E-PAPER
ARSIP
otomotif
Selasa, 13 november 2012 01:12 WIB

Ayla, Bodyguard Setia di Perjalanan

KESAN pertama langsung terasa melekat di hati saat Daihatsu menggelar uji coba Astra Daihatsu Ayla di Bridgestone Paving Ground, Karawang, Selasa (6/11), bagi wartawan yang datang dari berbagai tempat di tanah air.

Meski uji coba dimaksudkan untuk mengetahui seberapa besar kemampuan mobil murah tersebut melalui "Ayla Eco-Driving Challenge", namun tetap saja rasa penasaran muncul untuk mengetahui lebih detail mengenai city car yang disebut-sebut sangat futuristic (berwawasan ke depan) dan murah tersebut.

Kehadiran Ayla yang sudah didengung-dengungkan sejak ajang Indonesia International Motor Show (IIMS) di Jakarta beberapa waktu lalu, tentu saja menggoda para penggemar mobil di tanah air termasuk wartawan yang hadir dalam test drive tersebut. Meski memang tema yang diusung kali ini lebih bersifat bagaimana mengedukasi kemampuan mengemudi yang efisien, untuk mendapatkan penggunaan bahan bakar minyak (BBM) yang optimum (eco driving).

Dilihat secara kasat mata, tampilan Ayla yang merupakan karya anak bangsa, Mark Widjaja itu, dapat dikatakan sempurna untuk ukuran city car. Apalagi desain yang ditampilkan Ayla konon sudah disesuaikan dengan harapan masyarakat Indonesia. Sebab sebelum Ayla didesain, Astra Daihatsu Motor (ADM) terlebih dulu melakukan survei ke berbagai tempat di tanah air. Semua itu dilakukan untuk memenuhi harapan masyarakat Indonesia akan mobil idaman mereka yang murah, irit BBM, dan futuristic.

Dari spesifikasi tekniknya, Ayla memiliki dimensi yang sama dengan saudara kembarnya Astra Toyota Agya, yaitu panjang 3.580 mm, lebar 1.600 mm, dan tinggi 1.530 mm, serta wheelbase 2.730 mm dan radius putar 4,4 meter.
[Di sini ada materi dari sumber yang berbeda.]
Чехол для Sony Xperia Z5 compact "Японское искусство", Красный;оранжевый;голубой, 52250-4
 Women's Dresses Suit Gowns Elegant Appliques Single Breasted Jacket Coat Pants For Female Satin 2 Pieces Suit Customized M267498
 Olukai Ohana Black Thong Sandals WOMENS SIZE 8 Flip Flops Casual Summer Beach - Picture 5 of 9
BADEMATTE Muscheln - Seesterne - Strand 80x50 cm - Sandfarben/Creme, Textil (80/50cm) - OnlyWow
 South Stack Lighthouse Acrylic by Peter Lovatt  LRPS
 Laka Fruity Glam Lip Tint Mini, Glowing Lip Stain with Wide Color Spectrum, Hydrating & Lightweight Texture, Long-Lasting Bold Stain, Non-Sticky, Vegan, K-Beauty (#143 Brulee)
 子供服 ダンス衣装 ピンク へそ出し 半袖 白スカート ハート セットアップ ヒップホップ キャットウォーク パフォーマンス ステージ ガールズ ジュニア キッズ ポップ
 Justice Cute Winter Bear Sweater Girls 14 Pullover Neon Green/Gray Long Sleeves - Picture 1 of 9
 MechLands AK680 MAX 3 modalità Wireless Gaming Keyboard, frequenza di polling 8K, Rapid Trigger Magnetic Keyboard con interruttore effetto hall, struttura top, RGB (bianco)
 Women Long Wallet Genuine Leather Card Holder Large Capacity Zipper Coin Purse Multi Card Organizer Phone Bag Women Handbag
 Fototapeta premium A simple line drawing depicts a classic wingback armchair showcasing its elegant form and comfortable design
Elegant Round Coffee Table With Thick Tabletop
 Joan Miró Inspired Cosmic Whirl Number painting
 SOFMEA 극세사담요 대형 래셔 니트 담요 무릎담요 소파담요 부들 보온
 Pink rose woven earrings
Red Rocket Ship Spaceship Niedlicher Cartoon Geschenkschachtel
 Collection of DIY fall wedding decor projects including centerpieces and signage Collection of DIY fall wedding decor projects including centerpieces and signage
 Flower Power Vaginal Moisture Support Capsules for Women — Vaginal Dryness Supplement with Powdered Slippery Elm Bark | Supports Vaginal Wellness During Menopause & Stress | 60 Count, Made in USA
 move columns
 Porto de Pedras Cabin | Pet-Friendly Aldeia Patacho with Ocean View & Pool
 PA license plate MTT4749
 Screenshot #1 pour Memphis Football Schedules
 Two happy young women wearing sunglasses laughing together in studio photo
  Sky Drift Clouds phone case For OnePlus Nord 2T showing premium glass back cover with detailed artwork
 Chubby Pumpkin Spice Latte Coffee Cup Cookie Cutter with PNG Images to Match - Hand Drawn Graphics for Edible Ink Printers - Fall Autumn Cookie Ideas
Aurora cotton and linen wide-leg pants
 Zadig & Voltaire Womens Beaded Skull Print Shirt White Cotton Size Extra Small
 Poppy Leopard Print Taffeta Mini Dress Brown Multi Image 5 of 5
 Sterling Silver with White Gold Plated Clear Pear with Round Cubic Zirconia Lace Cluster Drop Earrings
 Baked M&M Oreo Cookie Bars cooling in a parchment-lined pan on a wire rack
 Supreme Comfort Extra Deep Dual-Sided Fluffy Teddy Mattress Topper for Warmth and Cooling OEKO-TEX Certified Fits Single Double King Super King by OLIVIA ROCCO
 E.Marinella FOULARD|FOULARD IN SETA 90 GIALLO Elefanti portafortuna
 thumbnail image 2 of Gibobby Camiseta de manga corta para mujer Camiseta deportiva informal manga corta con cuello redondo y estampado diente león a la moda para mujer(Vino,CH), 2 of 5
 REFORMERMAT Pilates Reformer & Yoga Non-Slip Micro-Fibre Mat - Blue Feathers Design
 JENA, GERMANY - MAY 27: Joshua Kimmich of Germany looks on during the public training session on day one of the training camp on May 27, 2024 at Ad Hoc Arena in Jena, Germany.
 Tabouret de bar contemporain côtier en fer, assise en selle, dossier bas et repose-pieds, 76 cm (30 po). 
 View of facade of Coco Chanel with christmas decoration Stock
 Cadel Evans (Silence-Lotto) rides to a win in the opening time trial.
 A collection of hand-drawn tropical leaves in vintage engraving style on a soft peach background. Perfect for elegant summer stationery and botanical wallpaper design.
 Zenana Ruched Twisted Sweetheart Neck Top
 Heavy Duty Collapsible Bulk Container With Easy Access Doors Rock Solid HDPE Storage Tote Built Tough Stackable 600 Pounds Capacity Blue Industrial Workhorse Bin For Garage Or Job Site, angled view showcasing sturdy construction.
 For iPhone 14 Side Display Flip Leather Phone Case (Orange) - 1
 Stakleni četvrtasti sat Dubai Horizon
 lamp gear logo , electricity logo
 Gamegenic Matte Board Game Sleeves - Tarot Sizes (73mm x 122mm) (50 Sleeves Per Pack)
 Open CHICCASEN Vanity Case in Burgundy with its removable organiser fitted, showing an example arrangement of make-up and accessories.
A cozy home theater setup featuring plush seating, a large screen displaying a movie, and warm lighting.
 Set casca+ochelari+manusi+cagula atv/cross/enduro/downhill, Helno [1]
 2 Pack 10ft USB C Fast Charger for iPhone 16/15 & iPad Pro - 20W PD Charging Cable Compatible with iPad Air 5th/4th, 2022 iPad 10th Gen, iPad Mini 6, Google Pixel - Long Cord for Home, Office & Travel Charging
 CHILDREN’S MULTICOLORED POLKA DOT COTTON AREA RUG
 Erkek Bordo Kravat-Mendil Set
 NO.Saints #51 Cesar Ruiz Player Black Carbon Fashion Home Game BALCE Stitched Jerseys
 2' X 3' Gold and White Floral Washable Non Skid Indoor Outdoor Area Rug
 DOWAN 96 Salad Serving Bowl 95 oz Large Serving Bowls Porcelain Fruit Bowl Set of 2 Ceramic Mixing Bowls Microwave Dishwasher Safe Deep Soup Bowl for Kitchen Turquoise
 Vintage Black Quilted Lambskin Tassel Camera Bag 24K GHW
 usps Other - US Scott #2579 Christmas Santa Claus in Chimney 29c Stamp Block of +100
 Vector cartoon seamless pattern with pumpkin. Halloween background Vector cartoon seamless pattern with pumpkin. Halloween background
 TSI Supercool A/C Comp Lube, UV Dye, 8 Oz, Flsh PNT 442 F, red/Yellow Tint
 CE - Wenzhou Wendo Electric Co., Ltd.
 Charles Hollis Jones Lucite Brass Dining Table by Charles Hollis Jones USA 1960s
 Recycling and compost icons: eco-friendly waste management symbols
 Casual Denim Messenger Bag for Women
Uniknya walaupun terlihat lebih mungil, namun kabin yang dimiliki Ayla cukup besar, dengan interior yang sangat memanjakan penggunanya.

Ayla menggunakan mesin 1.000 cc 3 silinder. Menariknya suara mesin Ayla tak masuk ke dalam kabin penumpang, begitu dalam kondisi diam. Getaran juga sangat minim. "GM" yang menguji Ayla di trek sepanjang 1,9 km sebanyak 2 kali putaran, memperoleh angka cukup fantastis untuk mobil yang irit, yaitu 26,5 km/liter atau menempati "GM" pada posisi keenam klasemen akhir untuk mobil Ayla manual.

Disebut-sebut sebagai mobil ramah lingkungan, Ayla dapat dikatakan irit untuk urusan konsumsi BBM. Pada Multi Information Display (MID) terdapat lampu indikator eco driving. Jika lampu indikator menyala, menandakan gaya berkendara tepat. Namun jika mati, menandakan ada yang salah dengan gaya berkendara. Lampu indikator tersebut membantu pengemudi untuk mengetahui cara mengemudi yang hemat.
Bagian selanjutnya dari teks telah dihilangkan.